##### THE INPUT #####

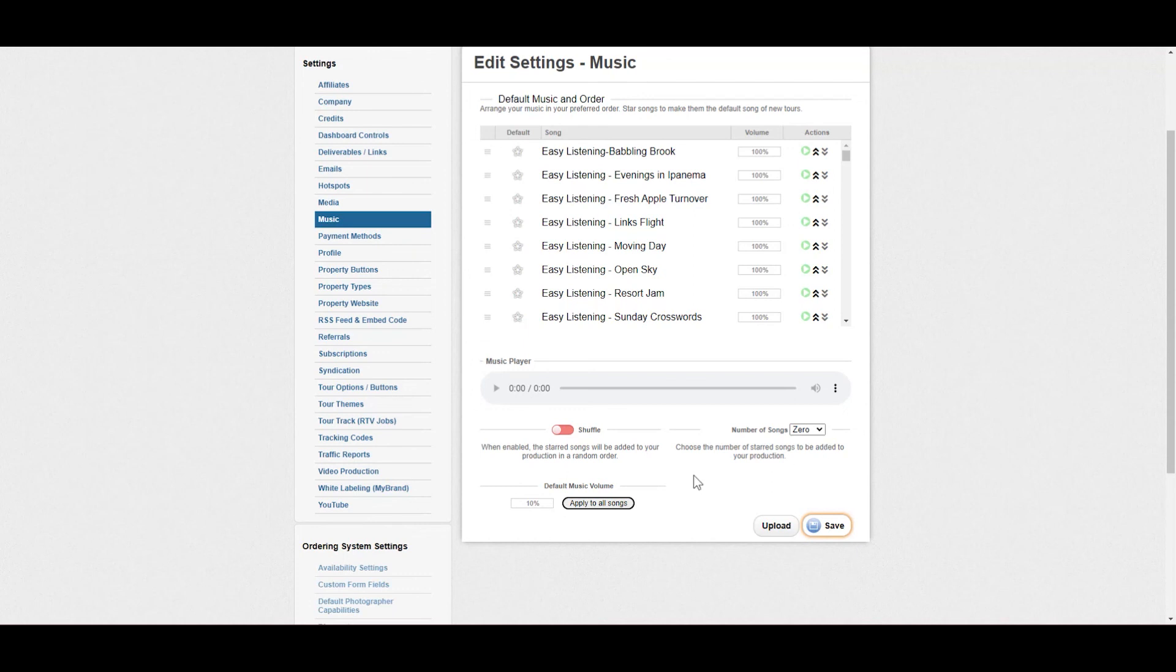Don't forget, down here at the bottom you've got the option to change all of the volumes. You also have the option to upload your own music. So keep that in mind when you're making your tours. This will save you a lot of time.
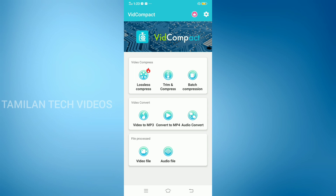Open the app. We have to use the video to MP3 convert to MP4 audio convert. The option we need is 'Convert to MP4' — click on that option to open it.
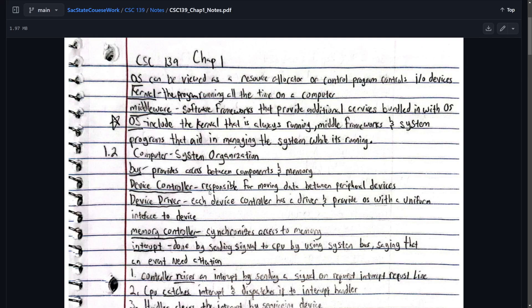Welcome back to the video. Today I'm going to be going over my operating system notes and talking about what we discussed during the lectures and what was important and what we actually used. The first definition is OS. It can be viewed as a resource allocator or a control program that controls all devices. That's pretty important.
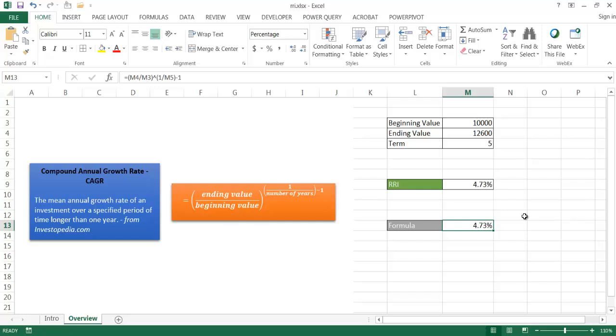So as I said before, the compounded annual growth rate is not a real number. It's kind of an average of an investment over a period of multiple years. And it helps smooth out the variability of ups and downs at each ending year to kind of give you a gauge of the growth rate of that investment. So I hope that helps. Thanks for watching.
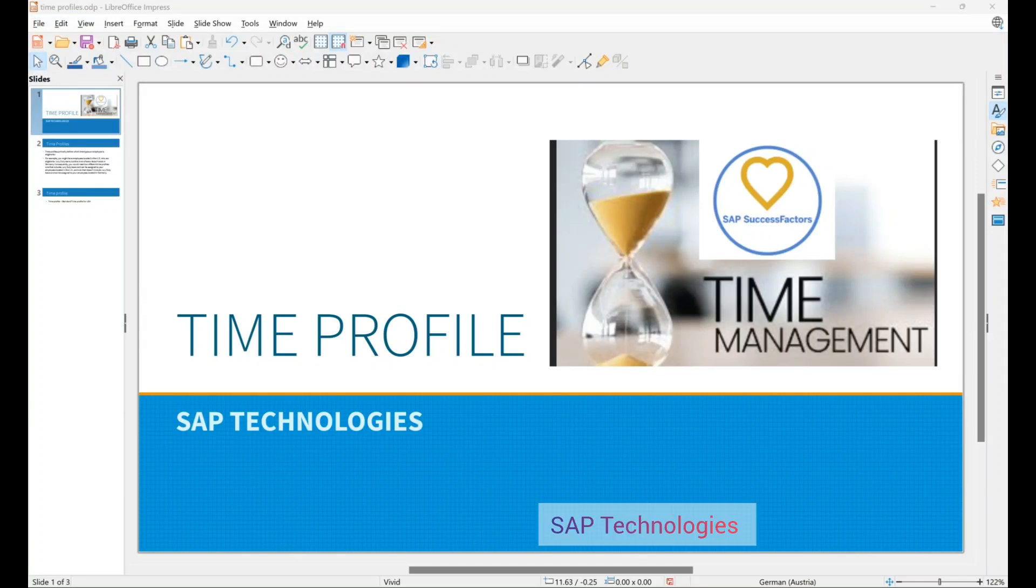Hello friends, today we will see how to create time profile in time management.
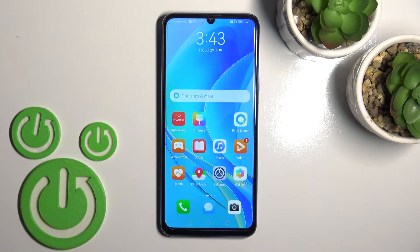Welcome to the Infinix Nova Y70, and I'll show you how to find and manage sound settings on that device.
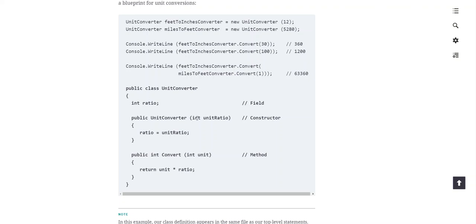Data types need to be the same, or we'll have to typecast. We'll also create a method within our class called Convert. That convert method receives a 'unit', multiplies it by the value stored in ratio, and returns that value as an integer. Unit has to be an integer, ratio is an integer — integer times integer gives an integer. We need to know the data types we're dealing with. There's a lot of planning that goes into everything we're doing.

#####

**WHAT THE TASK REQUIRES:**
Drop the pictures; return the lines above from the line containing "Hello friends, today" to the line containing "Welcome to the", both included, exactly.

**ANSWER TO THIS PROBLEM:**
Hello friends, today we will see how to create time profile in time management.
Welcome to the Infinix Nova Y70, and I'll show you how to find and manage sound settings on that device.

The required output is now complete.